Magaya spends up to five months each year traveling and performing
around the world, and, during each trip to the U.S., he tries to
set aside a month or so to work on the project with Berliner.
In mid-November, the two are sitting in Berliner's kitchen, in
a one-story house less than a block from East Campus. Piled on
the table are manila folders containing drafts of musical transcriptions
dating as far back as 1971 and Berliner's first trip to Zimbabwe.
In front of Berliner are two three-ring binders, one containing
part of the manuscript of the work in progress; the other, updated
transcriptions of the music. Both are bristling with colorful Post-it
notes, each containing a question or point of clarification to
go over with Magaya.
As Berliner silently reads a note he has penciled on one page,
Magaya idly thumbs the basic kushauru, or lead, part to the song "Nhimutimu." Magaya
has large hands, surprisingly smooth and free of calluses. Berliner
wants to check a variation on the song he heard Magaya play during
a residency at Stanford University five years ago. Carefully consulting
his transcription, Berliner plays through the song. Magaya, mbira
tucked under his right arm, leans back, brow furrowed. Finishing
a line of music, Berliner says, "We'd talked about adding
that as a substitute."
Magaya lets the music sink in. "Yes, that is fine."
Berliner tries out two more substitute lines that the two had discussed
during a visit in 2005.
"I still prefer the first one," Magaya says. He says
he thinks the others may have arisen during a performance in which
he was responding to other players' variations.
It's common, Berliner says, to discover that variations he hears
in the music are not the primary versions of a song. Sometimes,
as in this case, they turn out to be unique to an ensemble performance.
At other times, they turn out to be mistakes in the notating or
reflect temporary preferences of the musicians. That creative process
and the resulting variations that arise in different situations
is "exactly what we want to capture," he says. The book
will include primary versions of the songs, as well as secondary
versions with explanations of where and why they might have been
played, to give insights into the minds of the musicians.
On any given day, they will spend eight to ten hours hunched over
notes, Berliner playing back music he transcribed last time to
make sure the notation is clear and it sounds right, and Magaya
approving or tweaking it. It's grueling work, but both agree that
it's worth it.

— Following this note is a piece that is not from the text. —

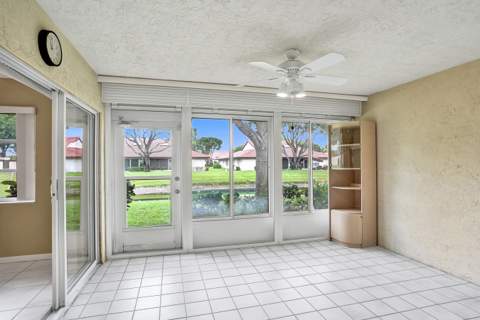 6394 Pointe Pleasant Circle, Delray Beach FL - photo 21 of 40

Only by going over songs hundreds of times, Berliner
says, can they reveal "important concepts that will never
be directly verbalized within the culture." They are now in
the home stretch, completing a final round of edits to the music.
Berliner plans to finish cleaning up the rest of the manuscript
by the end of the year.
Berliner believes the longevity of their research will give it
weight. "There is very little continuity in the documentation
of African oral traditions," he says, making longitudinal
studies difficult. "There has been a lot of great recording
work, but it's been done disparately, largely by researchers working
with various musicians in different regions." What Berliner
has recorded during his six trips to Zimbabwe and various tours
of the U.S. and Europe, as well as his collaborative work with
Magaya, amounts to thirty-five years of data.

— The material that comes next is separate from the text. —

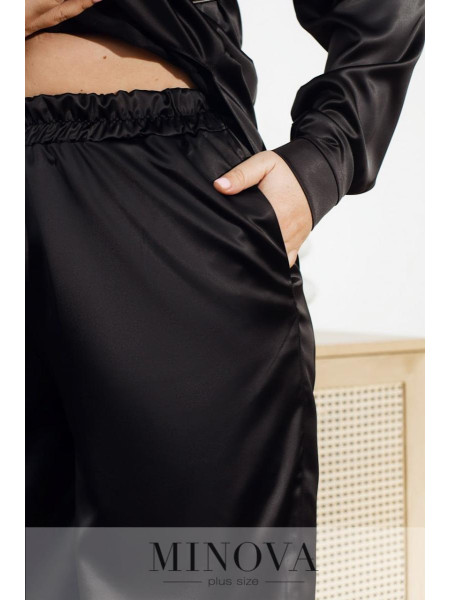 Святковий костюм із шовку 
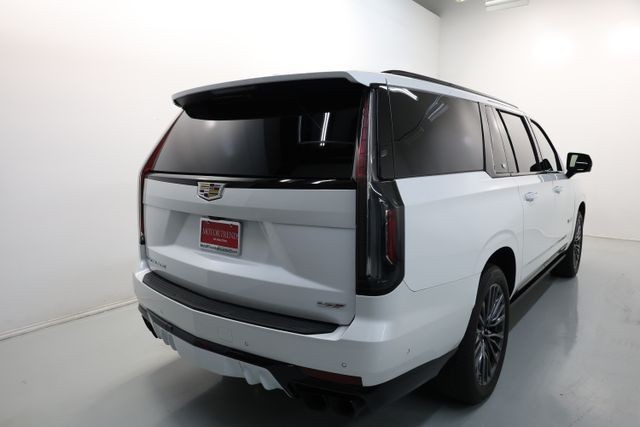 Cadillac Escalade ESV Vehicle Image 73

"This allows us to explore questions about the development
of personal styles and about musical continuity and innovation
using real data in a way that was not possible before."
In the kitchen, Berliner is back to his notes, looking for a conversation
about a version of "Nhimutimu" by the legendary musician
and mbira-maker John Kunaka. He finds a note about an arrangement
Magaya played that combined "Nhimutimu" with another
song, "Mandarindari." During a research session in the
1990s, Magaya told Berliner that he had first heard the arrangement
on one of the two recordings that supplement Soul of Mbira. But
in 2004 they came across a transcription indicating that the arrangement
had in fact been a part of Magaya's repertory as far back as 1971
and had simply slipped his mind over the years.
"Cosmas forgot it and relearned it from Soul of Mbira without
realizing it," Berliner says. This phenomenon of forgetting
and relearning songs and variations, the idea of a sort of revolving
repertory, is common in the oral tradition, but, because of the
loss of so many musicians and contemporary threats to the tradition,
there is a real risk of losing key parts of the repertory forever,
Magaya says.
Thus, the goal of the project is to "in a substantive way
represent the mbira tradition," says Berliner. "It's
not just to document the musical structures and forms but also
the process by which the structures are composed." He and
Magaya want to "show the generative processes in order to
show how creativity works in the tradition."
The project serves a dual purpose. First, it makes a record for
native Zimbabweans and ensures that their tradition will not be
lost. After independence, Berliner was invited back to Zimbabwe
by the country's Ministry of Education and the Zimbabwe College
of Music to help develop an ethnomusicology program focusing on
indigenous music to supplement the existing Western curriculum.
He and others have noted shifts in taste, especially in urban areas,
away from traditional music toward a variety of cosmopolitan styles.
Second, as a result of the project, the tradition will become more
accessible to music lovers outside Zimbabwe. "For composers,
it will provide a treasure of ideas," he says. "This
samples the imaginations of the great Shona composers who, over
hundreds of years, have cultivated and refined the mbira repertory."